* [Exercise]: Since the listing below shows pictures, leave them out and write out exactly the lines from the line with "Яблуко на обробній дошці — стокове фото" to the line with "empty room featuring", both included, and no others.

[Opening Source data section]

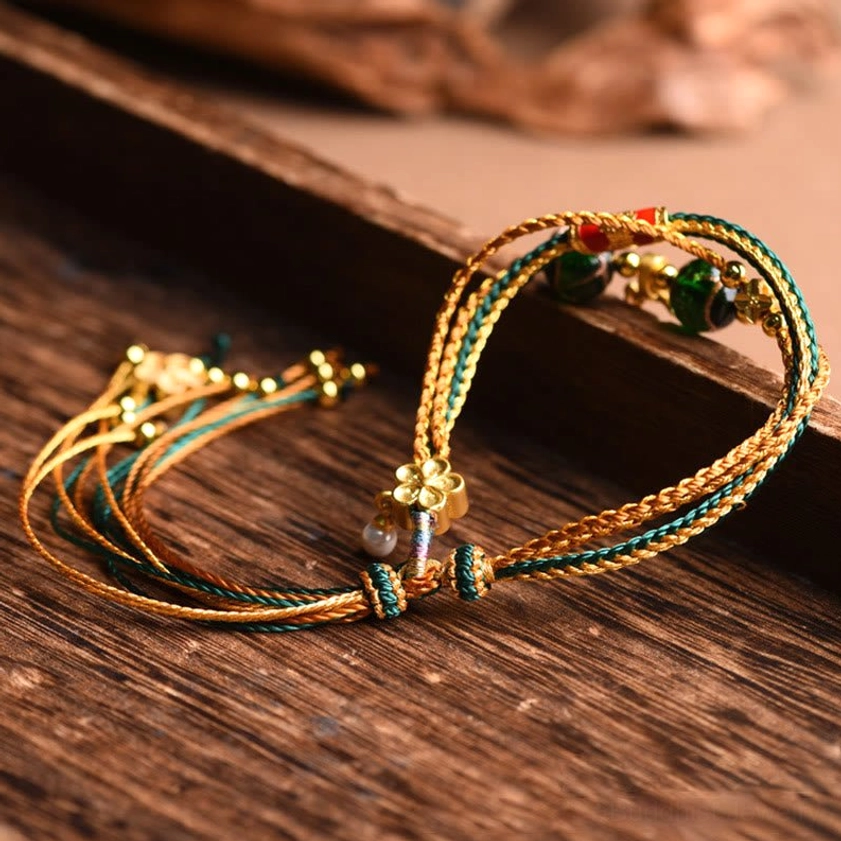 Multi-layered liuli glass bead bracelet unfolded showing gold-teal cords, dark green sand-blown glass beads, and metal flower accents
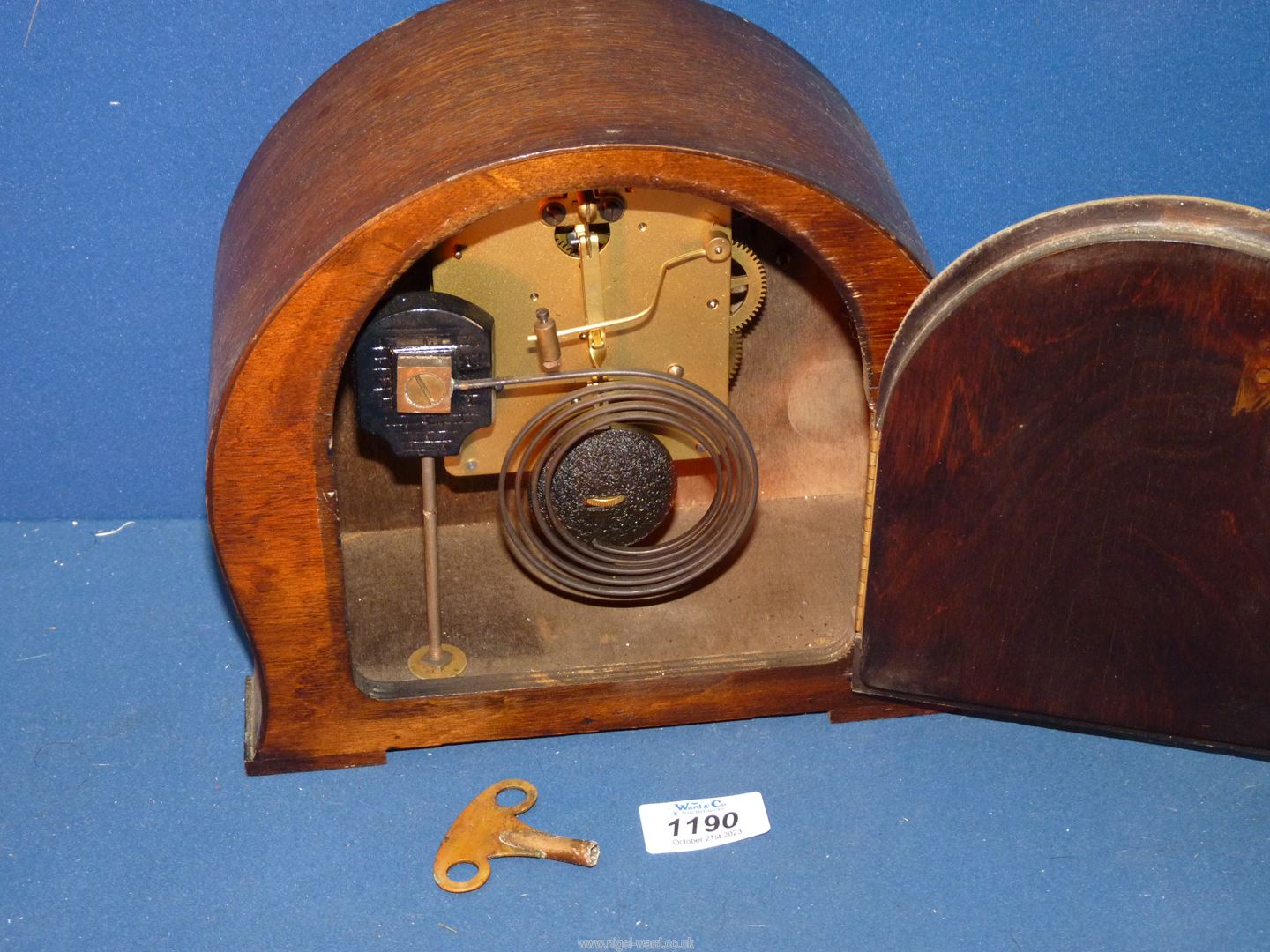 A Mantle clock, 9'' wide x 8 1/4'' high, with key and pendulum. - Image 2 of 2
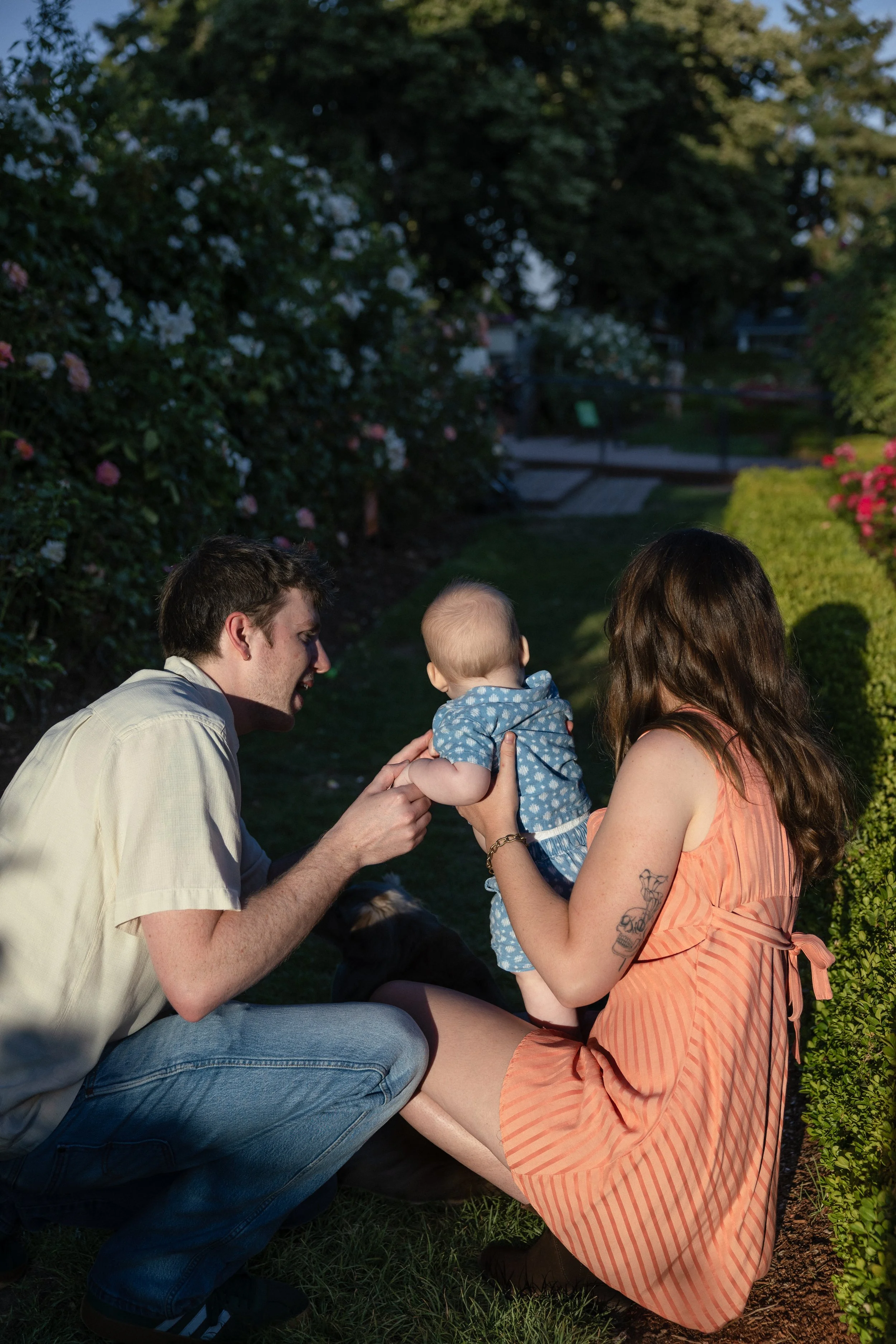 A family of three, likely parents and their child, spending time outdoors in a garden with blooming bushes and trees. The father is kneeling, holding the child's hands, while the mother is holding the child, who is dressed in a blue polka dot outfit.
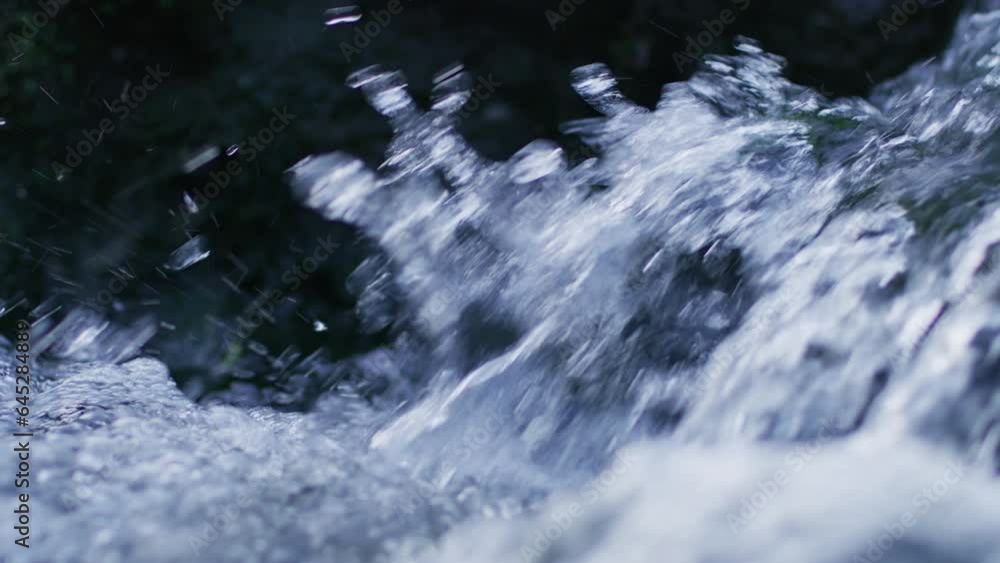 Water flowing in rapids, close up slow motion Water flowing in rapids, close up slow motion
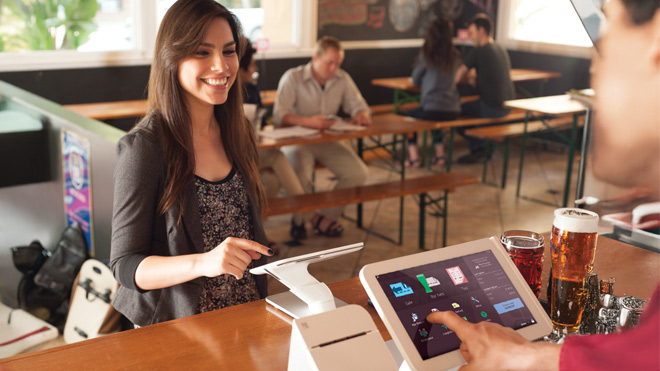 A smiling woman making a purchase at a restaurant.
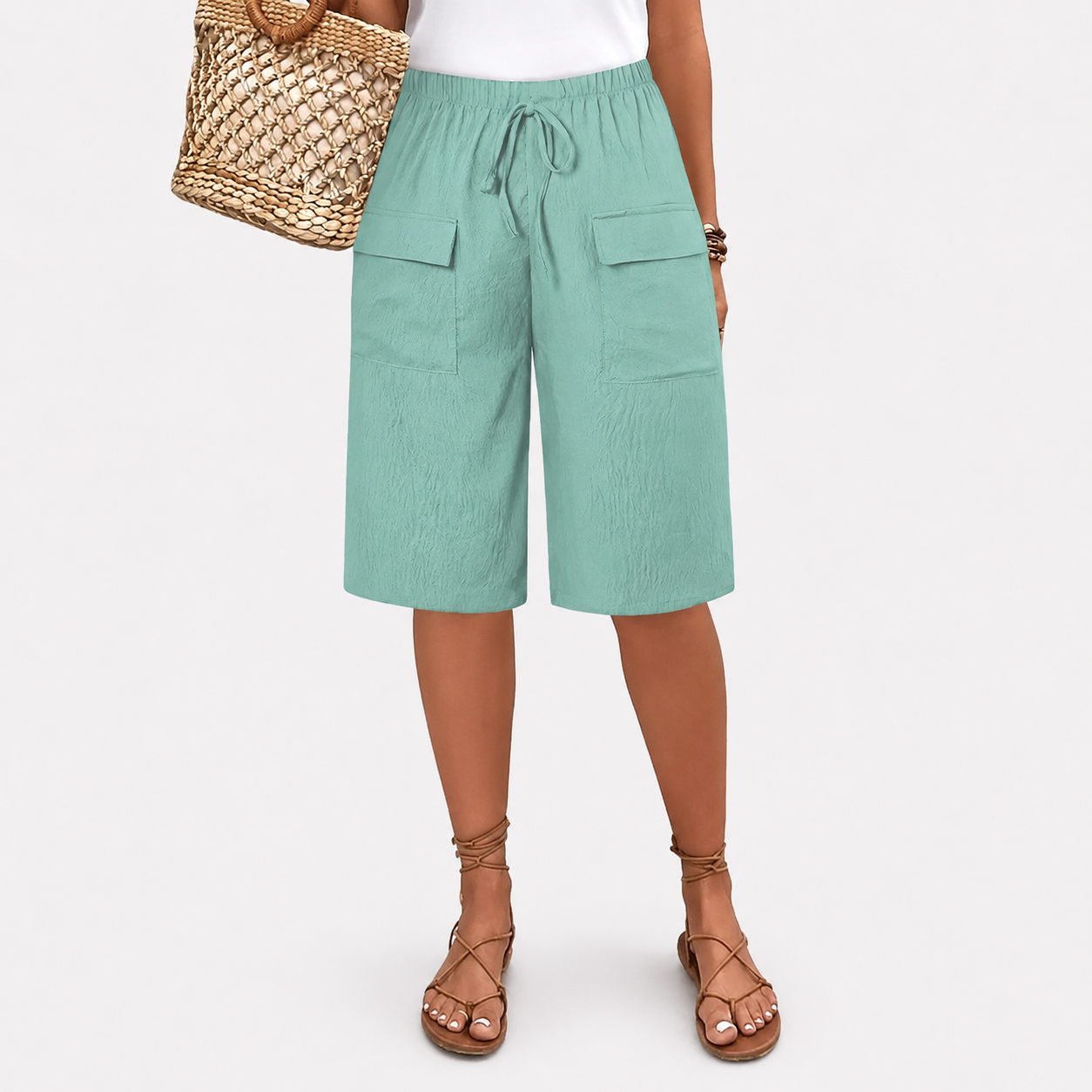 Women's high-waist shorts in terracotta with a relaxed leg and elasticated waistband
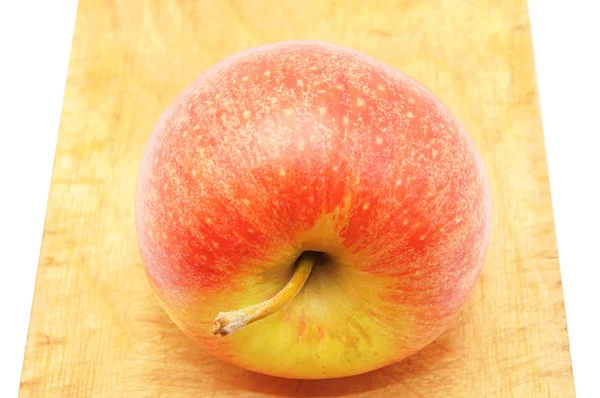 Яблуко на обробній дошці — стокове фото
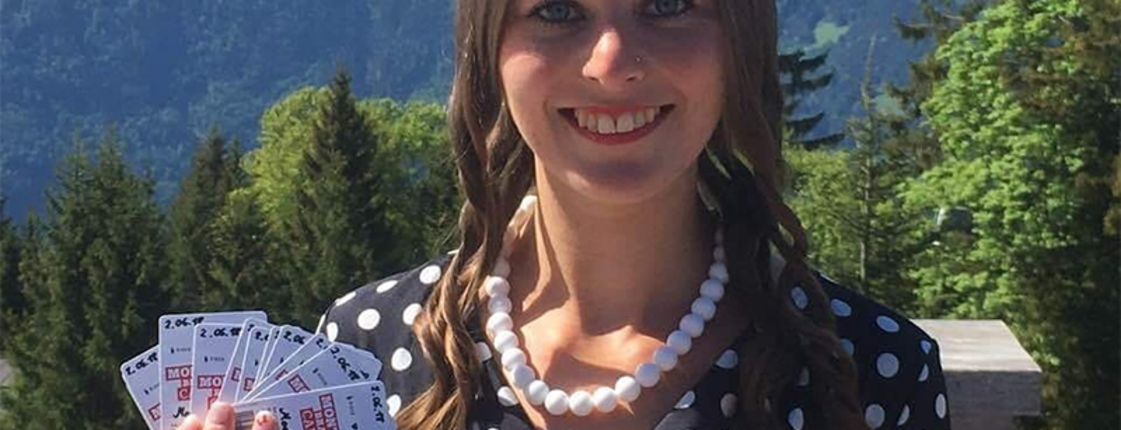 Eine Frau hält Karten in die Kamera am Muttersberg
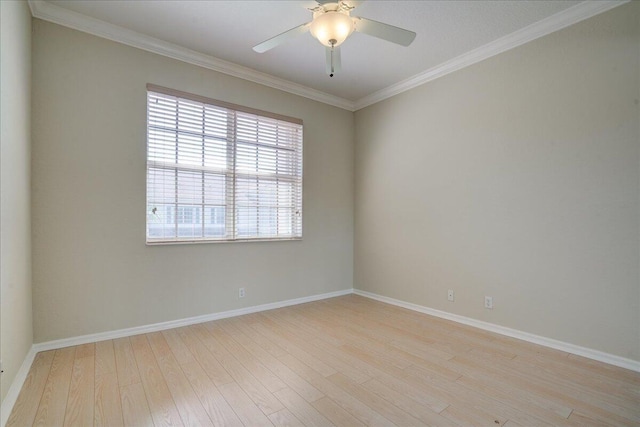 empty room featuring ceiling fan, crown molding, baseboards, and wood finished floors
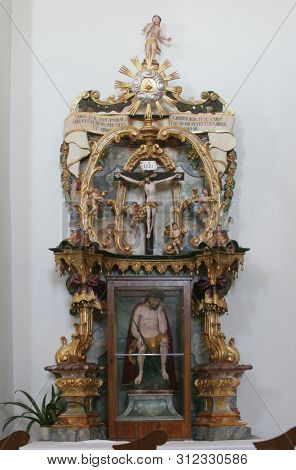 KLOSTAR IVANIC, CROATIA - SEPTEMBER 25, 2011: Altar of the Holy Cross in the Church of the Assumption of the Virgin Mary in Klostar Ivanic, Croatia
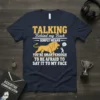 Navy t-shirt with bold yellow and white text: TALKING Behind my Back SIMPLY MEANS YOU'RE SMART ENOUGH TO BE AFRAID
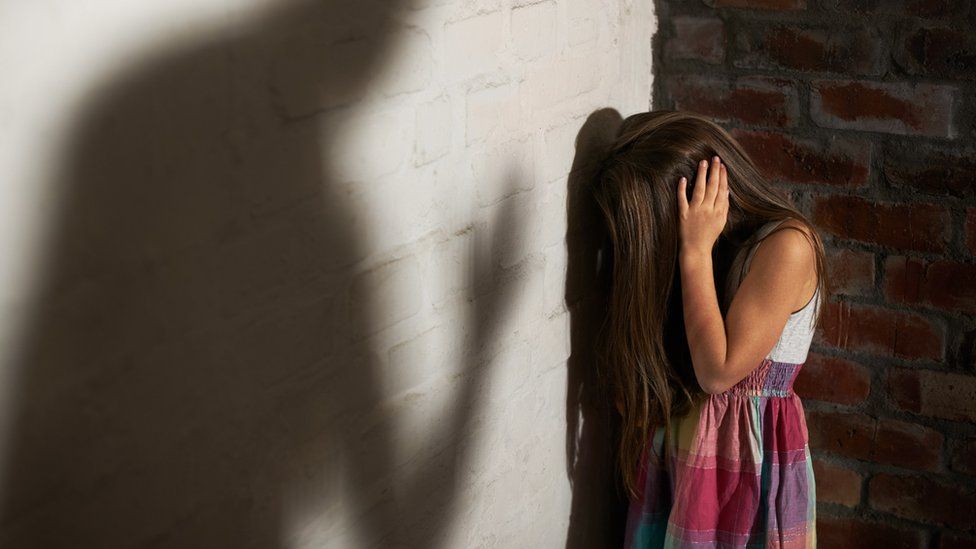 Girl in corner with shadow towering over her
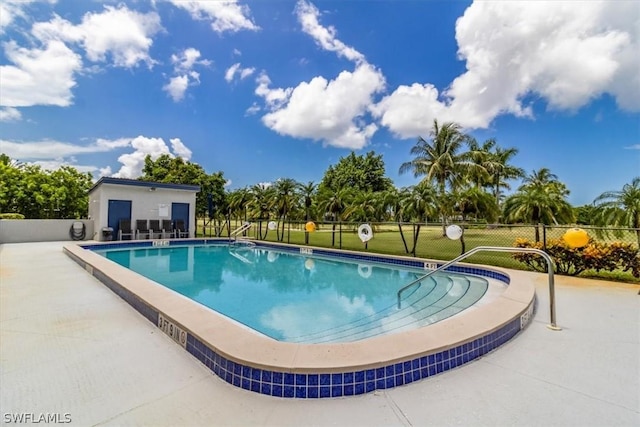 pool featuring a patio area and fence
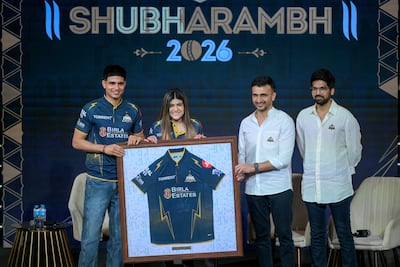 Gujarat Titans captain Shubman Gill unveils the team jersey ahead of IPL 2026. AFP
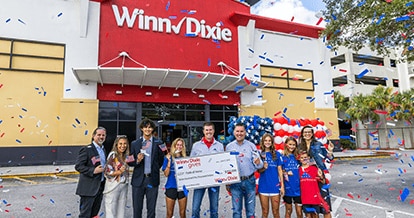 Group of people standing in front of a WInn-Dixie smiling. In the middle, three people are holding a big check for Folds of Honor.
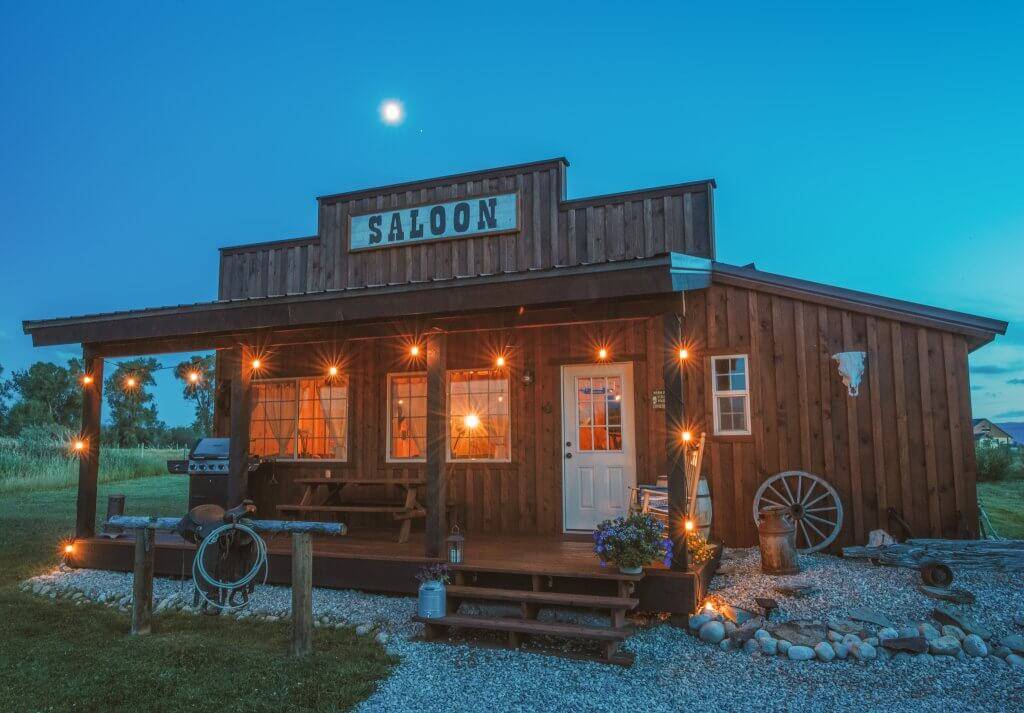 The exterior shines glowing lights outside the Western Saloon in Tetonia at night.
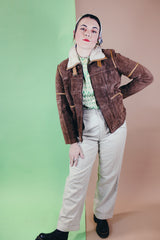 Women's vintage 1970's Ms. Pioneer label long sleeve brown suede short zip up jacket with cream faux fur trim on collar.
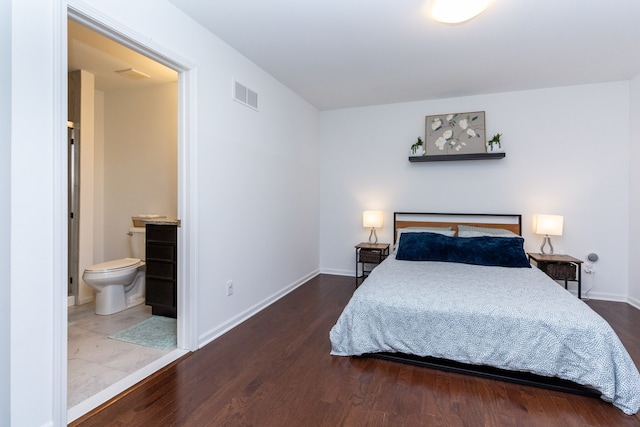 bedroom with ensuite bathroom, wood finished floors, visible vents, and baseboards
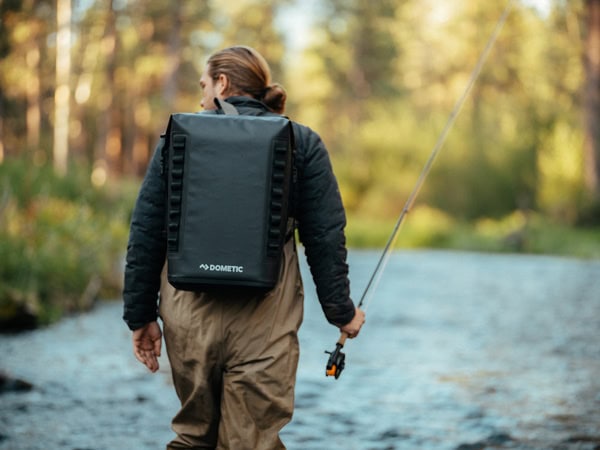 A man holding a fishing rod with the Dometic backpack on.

[Closing Source data section]

* [Answer box]:
 Яблуко на обробній дошці — стокове фото
 Eine Frau hält Karten in die Kamera am Muttersberg
 empty room featuring ceiling fan, crown molding, baseboards, and wood finished floors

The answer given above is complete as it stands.